21 Aralık 2021 tarihinde yayınlanmıştır.
Mürşid-i Azîzim Muzaffer Efendi Hazretleri buyurdular ki :
Dünyâya cübbe yıkamaya gelmedin ya. Hep dünyâ metâını toplamaya gelmedin ya. Hep onları cem etmeye gelmedin ya. Hep o topladıklarını saymaya gelmedin ya. Toplarsın, sayarsın, yiyemezsin. Onun için buraya ba's olunmadın. Av vurmaya gelmedin buraya. Kağıt oynamaya gelmedin. Burada insanlığını bilmek, Allah'ı kendinde bulmak üzere geldin. Sen nâib-i ilâhî olduğunu, halîfetullah olduğunu bilmek için gönderildin. Sana esmâ ta'lîm olundu, müsemmâ ta'rîf olundu, zât ta'rîf olundu. Sana zâtı ta'rîf eyleyen Fahr-i Âlem Muhammed Mustafâ'dır. Esmâyı ta'lîm eyleyen Âdem aleyhisselâm. Çünkü birisi esmâya âlim, birisi zâta âlimdir. Senin vazîfen Hakk'ı bilmek, bulmak, Hakk'da olmak, onun için gönderildin buraya.
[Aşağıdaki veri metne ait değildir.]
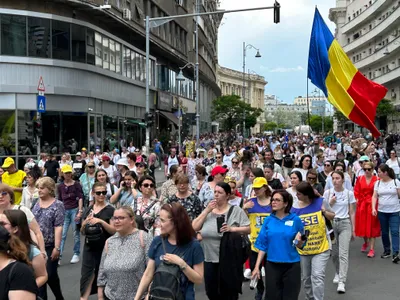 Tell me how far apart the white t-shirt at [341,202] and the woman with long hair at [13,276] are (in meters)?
5.16

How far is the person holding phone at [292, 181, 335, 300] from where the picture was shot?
6.25 m

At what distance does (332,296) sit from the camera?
285 inches

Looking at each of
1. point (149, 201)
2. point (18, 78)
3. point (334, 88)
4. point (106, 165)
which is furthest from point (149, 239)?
point (18, 78)

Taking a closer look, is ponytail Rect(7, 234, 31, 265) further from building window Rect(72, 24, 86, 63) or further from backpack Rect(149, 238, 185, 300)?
building window Rect(72, 24, 86, 63)

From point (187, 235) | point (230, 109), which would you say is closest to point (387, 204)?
point (187, 235)

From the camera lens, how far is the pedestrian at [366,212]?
969 cm

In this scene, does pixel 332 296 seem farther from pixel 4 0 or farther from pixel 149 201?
pixel 4 0

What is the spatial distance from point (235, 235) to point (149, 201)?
165cm

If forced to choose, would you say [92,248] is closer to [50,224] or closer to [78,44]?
[50,224]

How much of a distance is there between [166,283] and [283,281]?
1.88 meters

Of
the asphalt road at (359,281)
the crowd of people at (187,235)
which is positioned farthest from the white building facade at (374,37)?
the crowd of people at (187,235)

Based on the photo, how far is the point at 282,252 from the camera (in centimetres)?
A: 552

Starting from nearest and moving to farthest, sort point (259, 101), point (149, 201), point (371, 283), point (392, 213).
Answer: point (149, 201) < point (371, 283) < point (392, 213) < point (259, 101)

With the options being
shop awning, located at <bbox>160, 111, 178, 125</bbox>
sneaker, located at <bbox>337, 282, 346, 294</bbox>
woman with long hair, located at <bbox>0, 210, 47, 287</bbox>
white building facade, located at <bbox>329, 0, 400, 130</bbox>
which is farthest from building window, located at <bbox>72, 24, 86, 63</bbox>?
white building facade, located at <bbox>329, 0, 400, 130</bbox> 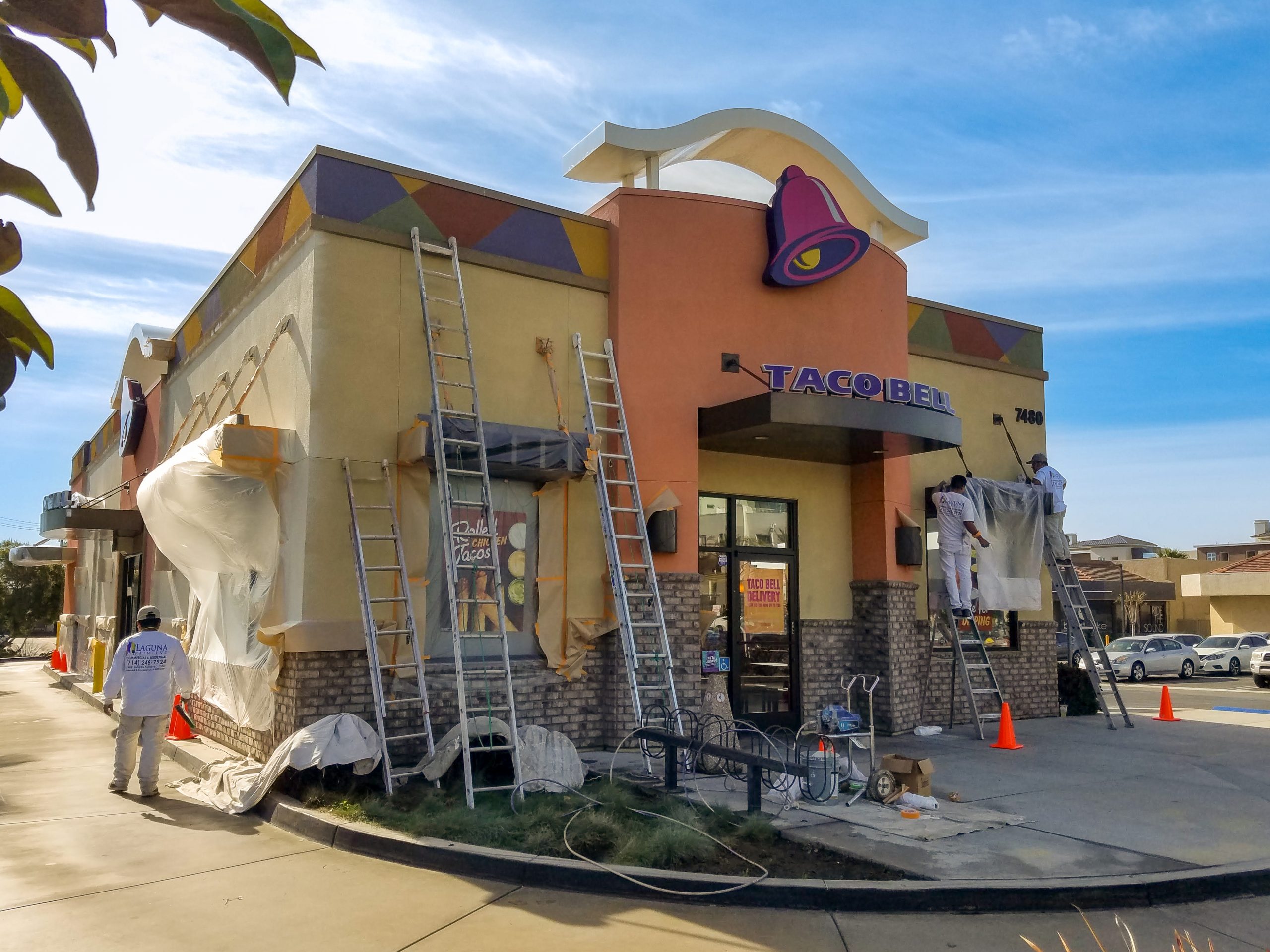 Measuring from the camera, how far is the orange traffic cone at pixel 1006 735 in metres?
12.5

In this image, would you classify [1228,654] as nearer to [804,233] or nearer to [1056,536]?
[1056,536]

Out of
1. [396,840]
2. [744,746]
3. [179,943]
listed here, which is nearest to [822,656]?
[744,746]

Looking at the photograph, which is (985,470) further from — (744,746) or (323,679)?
(323,679)

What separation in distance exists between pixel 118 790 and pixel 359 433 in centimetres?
433

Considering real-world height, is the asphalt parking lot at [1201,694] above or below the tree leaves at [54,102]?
below

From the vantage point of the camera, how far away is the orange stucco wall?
12.1 metres

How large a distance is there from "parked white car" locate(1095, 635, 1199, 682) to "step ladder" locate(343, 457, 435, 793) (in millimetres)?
29001

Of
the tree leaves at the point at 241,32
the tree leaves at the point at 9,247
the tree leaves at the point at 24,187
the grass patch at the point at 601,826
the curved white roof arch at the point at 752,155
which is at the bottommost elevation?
the grass patch at the point at 601,826

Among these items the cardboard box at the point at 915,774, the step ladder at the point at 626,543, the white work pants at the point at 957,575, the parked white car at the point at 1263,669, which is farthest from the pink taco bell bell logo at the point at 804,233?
the parked white car at the point at 1263,669

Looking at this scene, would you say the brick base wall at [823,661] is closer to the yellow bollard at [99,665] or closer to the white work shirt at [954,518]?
the white work shirt at [954,518]

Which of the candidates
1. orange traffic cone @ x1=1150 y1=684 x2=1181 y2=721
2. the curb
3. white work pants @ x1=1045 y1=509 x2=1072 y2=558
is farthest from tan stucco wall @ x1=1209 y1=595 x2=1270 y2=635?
the curb

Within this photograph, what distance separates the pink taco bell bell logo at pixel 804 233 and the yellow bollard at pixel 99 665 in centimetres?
1553

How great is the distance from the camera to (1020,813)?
8.66 m

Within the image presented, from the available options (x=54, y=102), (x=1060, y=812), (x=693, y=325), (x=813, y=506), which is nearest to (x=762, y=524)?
(x=813, y=506) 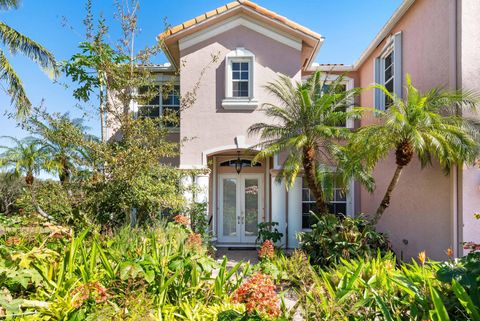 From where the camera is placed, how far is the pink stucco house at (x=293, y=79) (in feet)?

Senin vazîfen kulluk yapmak. Ve buna mukâbil de Allah sana bol bol hava ihsân u inâyet buyurdu. Sonra bol bol su verdi. Sonra senin yiyecek ve içeceğini sana ikrâm eyledi. Güneş doğurdu, güneşi halk eyledi, güneşin harâretiyle su tebahhur etdi, yağmur oldu, kürre-i arda düşdü, kürre-i arddan sana hubûbât verdi. Bütün mahlûkât-ı ilâhiyyeden helâl olanları kesip yemen sana mubah kılındı. "وَذَلَّلْنَاهَا لَهُمْ فَمِنْهَا رَكُوبُهُمْ وَمِنْهَا يَأْكُلُونَ ve zellelnâhâ lehüm fe minhâ rakûbuhum ve minhâ ye'külûn". Biz size mahlûkât-ı ilâhiyyeyi zelîl kıldık, İstediğinizi tutar keser, istediğinizin üzerine binersiniz, istediğinizi istediğiniz işde kullanırsınız. Bu hakkı sana kim verdi acaba?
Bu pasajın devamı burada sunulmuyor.